Short web captions:
────────────────────────────────────────

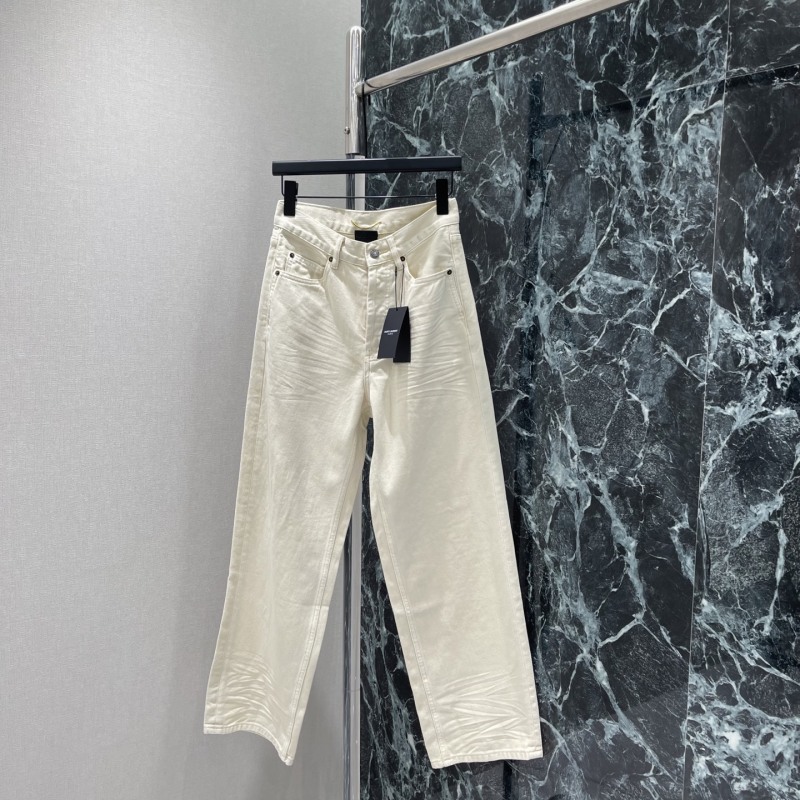 Женские джинсы Saint Laurent прямые белые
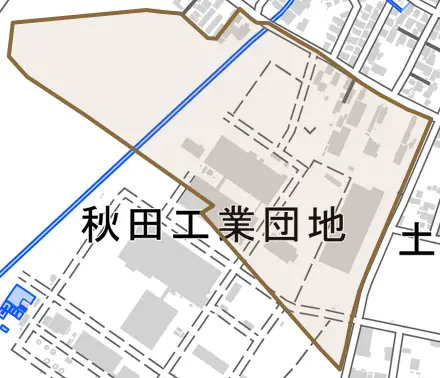 土崎港古川町とその周辺の地図。町の範囲を重ねている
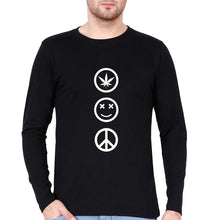 Load image into Gallery viewer, Weed Happy Peace Full Sleeves T-Shirt for Men-Black-Ektarfa.online

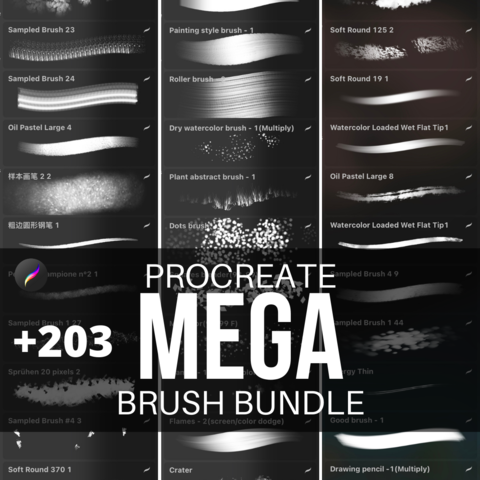 +203 Procreate Mega Brush Bundle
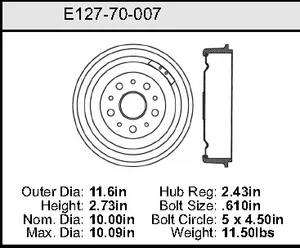 Bendix Brake Drum 10 x 11.6 456740 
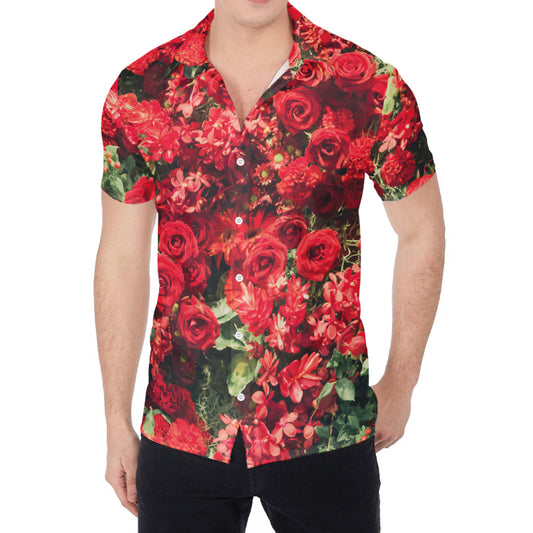 Red Rose Flower Print Men's Shirt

────────────────────────────────────────

**Work request**
Exact wording is required throughout: write out all the records, but no pictures.

**Result of this task**
 Женские джинсы Saint Laurent прямые белые
 土崎港古川町とその周辺の地図。町の範囲を重ねている
 Load image into Gallery viewer, Weed Happy Peace Full Sleeves T-Shirt for Men-Black-Ektarfa.online

 +203 Procreate Mega Brush Bundle
 Bendix Brake Drum 10 x 11.6 456740 
 Red Rose Flower Print Men's Shirt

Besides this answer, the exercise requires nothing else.